Published by Word & Deed Publishing Inc., Indian Spring Middle School Principal Dr. Isaac Carrier credits the idea to co-write the book based on his own experiences.

WACO, Texas — Indian Spring Middle School Principal Dr. Isaac Carrier has co-released a book called “Fighting the Good Fight: Narratives of the African American Principalship". 

The book is about those who make an impact written by those who have and continue to make impact. Together with Denver's Dr. Arron J. Griffen, the two go into depth as the book centers around the personal experiences of African American school principals.

As a former principal and current Vice President of Diversity, Equity and Inclusion for Denver's DSST Public Schools, Dr. Griffen also helped co-edit the book. 

Published by Word & Deed Publishing Inc., Carrier says he credits the idea to write the book based on his own experiences. 

“The idea for this book really began about 10 years ago as I reflected on my experience on my path to the principalship,” Carrier said. “That reflection was magnified when I completed my dissertation and found that of the participants in my research study, each had very similar stories regarding their ascent to the principalship and ultimately into the superintendency. My co-editor and I discussed how to best tell this story, and the idea of a collection of narratives evolved.” 

Carrier says he hopes that the book will inspire those to have conversations about bringing more people of color into leadership positions in the education system.  According to the National Center for Education Statistics, in 2018 only ten percent of American Principals were people of color. 

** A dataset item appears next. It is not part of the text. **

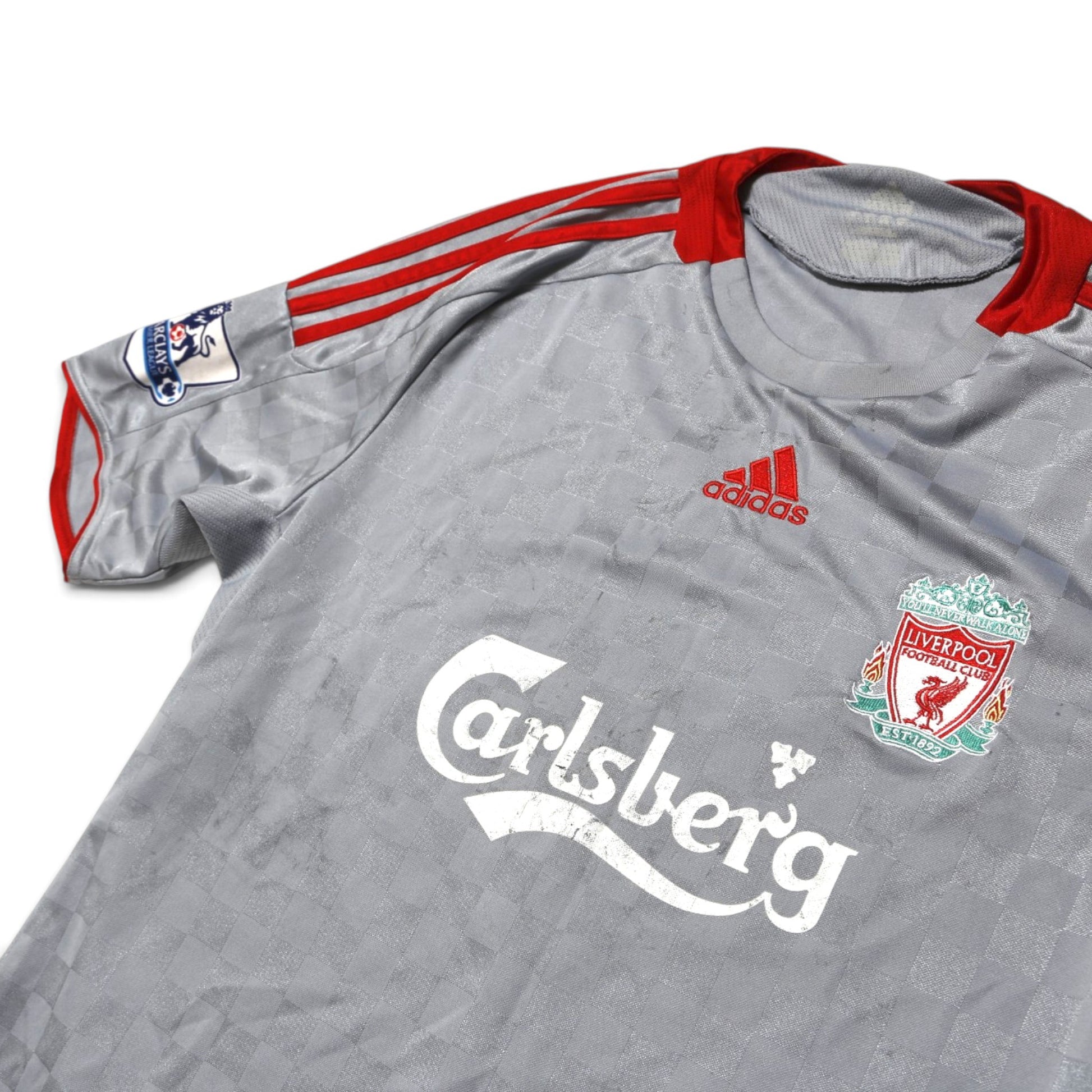 Close-up of Liverpool crest, adidas logo and Carlsberg sponsor on shirt front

“It is my hope that this book certainly becomes a part of the larger conversation of equity as it relates to opportunities for leaders of color in our profession,” Carrier said. “I believe there is an opportunity for the book to influence theory and perhaps a theoretical framework will evolve for research purposes as well. Of course, we hope it inspires and motivates readers to stay in and increase our efforts in ‘fighting the good fight’ as our kids deserve that and more.” 

To kick off Black History Month, the authors will discuss their book in a webinar on Feb. 1. The session will be hosted by Pure Edge, Inc., a private foundation that provides professional development to enhance social-emotional learning in schools.